Belt Grinding Styles

There are three major grinding techniques on a belt grinder. There is the flat grind (using the platen), the hollow grind (using a contact wheel), and free grinding (using the slack in a belt). All three are used on a fairly regular basis and all three have distinct advantages. However, the flat grind and hollow grind will be used to remove the bulk of the material.

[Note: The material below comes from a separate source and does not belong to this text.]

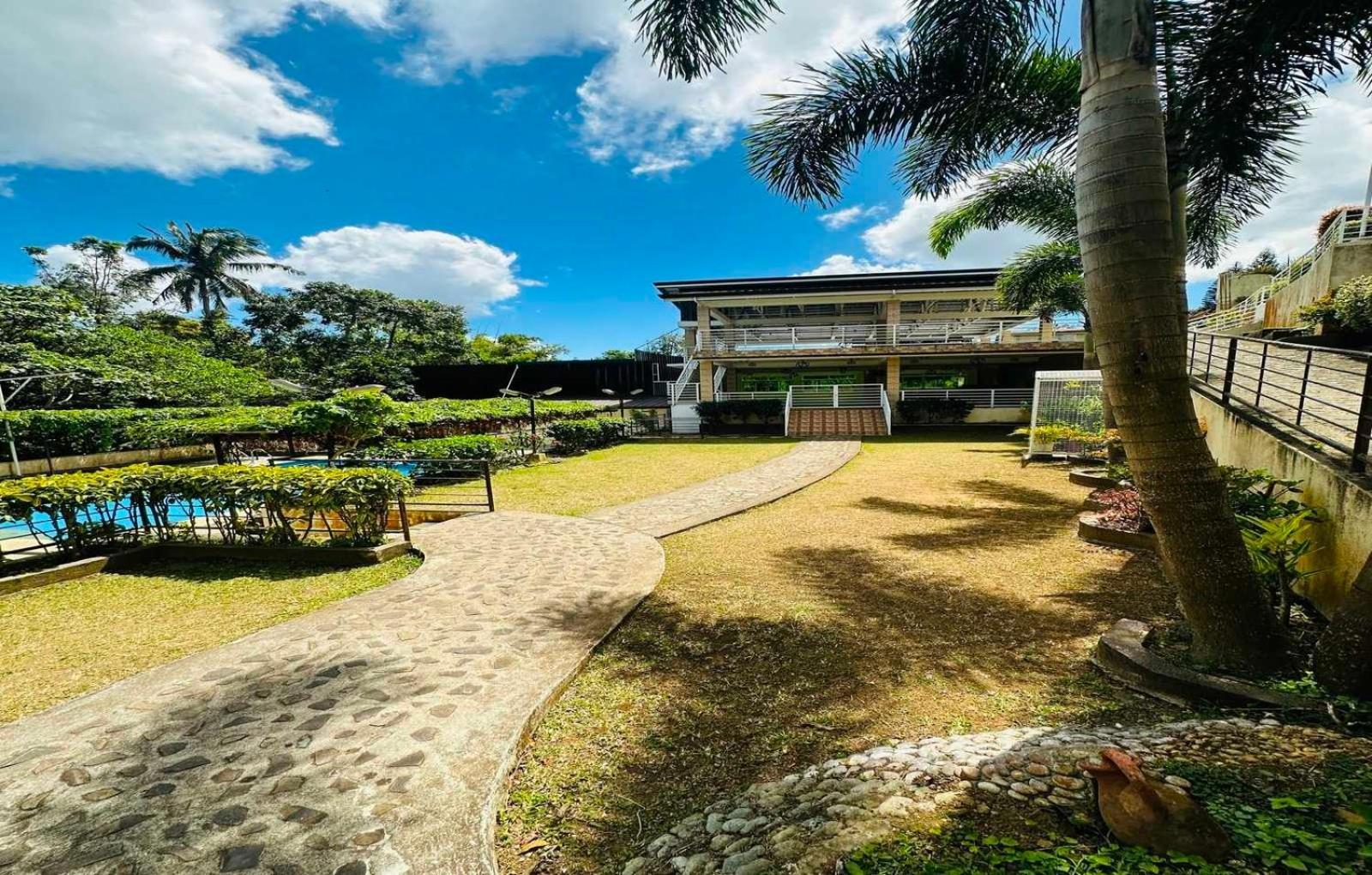 Oyo 1067 Villa Sofia At Silang Tagaytay City Dış mekan fotoğraf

The difference between a flat grind and a hollow grind

The flat grind is what you would think of for a kitchen knife. The bevel of the knife starts at some point up the metal, and continues in a straight, flat direction until it hits the cutting edge. This is probably the most common kind of grinding, as it is used for fixed blades and folding knives alike. It is also easiest for starting blade smiths because it is easier to draw or imagine a straight line on the blade. A flat grind is perfect for adding weight to the front half of the knife, as well as for really high quality finishes on the metal.

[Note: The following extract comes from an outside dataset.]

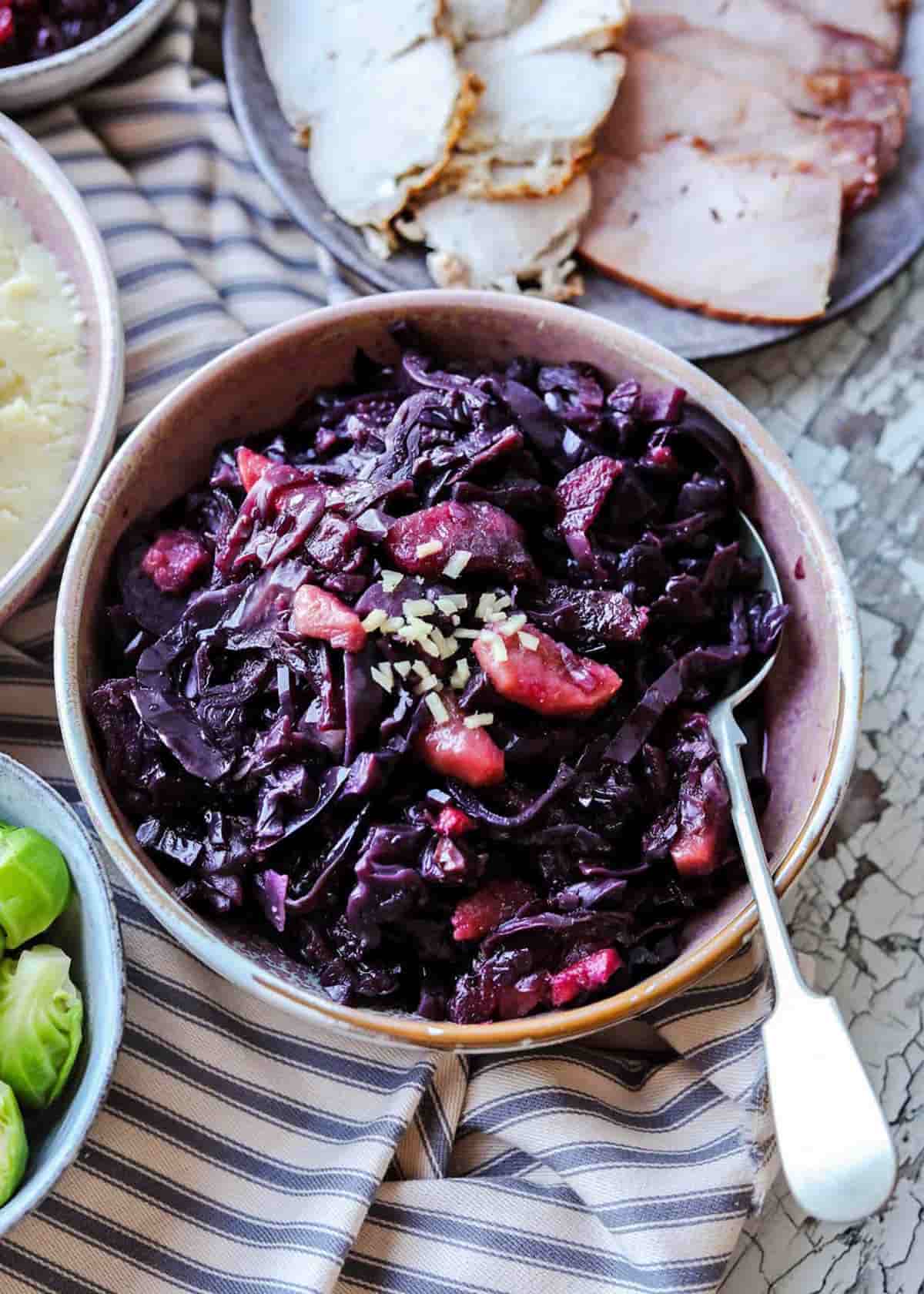 Braised Red Cabbage with Apple and ginger with ham and chicken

 The flat grind is accomplished by pressing the knife blank against the sanding belt, which is supported by a platen. A platen is a plate of steel on the end of the belt grinder that can support a section of the belt. It is one of the attachments used and can be changed out for different purposes. The platen is used for achieving a bevel, but when coupled with a tool rest (PICTURE), it is also often used to establish a profile for the knife. Having a ninety degree angle allows the bladesmith to create and detail the outline of the knife while keeping the entire piece square.

 

A hollow grind is created with a contact wheel. Often it is on a large radius (such as a 10”) wheel so that the curve of the grind is not as drastic. A hollow grind is great for lighter knives and sharper edges. Because the hollow grind removes more material than the flat grind if you have the same height bevel, it creates a lighter metal section of the knife, as you can see in the diagram below. The green area highlighted is the material that is removed with a hollow grind but left in with a flat grind. 

Shows the difference between the amount of material in a hollow grind and a flat grind

This extra removal is perfect for when you want a heavier handle to move the balance point further back, as well as when you want to create a light weight knife for something like backpacking or running.

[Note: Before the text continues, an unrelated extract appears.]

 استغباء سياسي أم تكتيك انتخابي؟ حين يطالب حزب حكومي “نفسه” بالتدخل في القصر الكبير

 A hollow grind is also great for sharper edges, and is a standard grind for many different blades.  It is considered sharper because the smallest part of the blade is a much bigger portion of the bevel. Because the bevel follows a curve instead of a straight line, the effective sharpness of the blade is increased. Unfortunately, this is counteracted by the blade being more fragile because there is less material in that same area. To make up for this, hollow ground blades are often made of harder material, then tempered down to keep from shattering.

 

Slack grinding does not use any support or backing. It instead uses the “slack” of the sanding belt, or the area between the platend/contact wheel and the support wheels. It is good for rounding and softening edges, as well as getting around some of the harder to reach areas before you hand sand. Because the slack lacks any hard support, it contours to the shape of the wood in a gentle curve, similar to using a small strip of sandpaper to round over a rough edge. This can be very useful in making the handle more comfortable to hold. This is especially good to couple with the feathered belt discussed in the third paragraph of this post.

 

Which is easiest?

Honestly, it depends on how experienced you are and on personal preference. Starting out it is easier to use a flat grind for three reasons. Firstly, likely you have fewer specialized tools as a novice. Most belt grinders include some straight, flat area even if it is not the ideal platen. Secondly, it is easier to imagine and to correct straight lines than it is to do so with a curve. Lastly, it is much easier to use a sanding block to hand sand a straight bevel than it is to get into the crevices of a curve. You can use a dowel and other tools to get into a curve, as well as progressively higher belts on the belt sander, but it is almost always possible to achieve a nicer finish on a custom blade by hand sanding to some degree.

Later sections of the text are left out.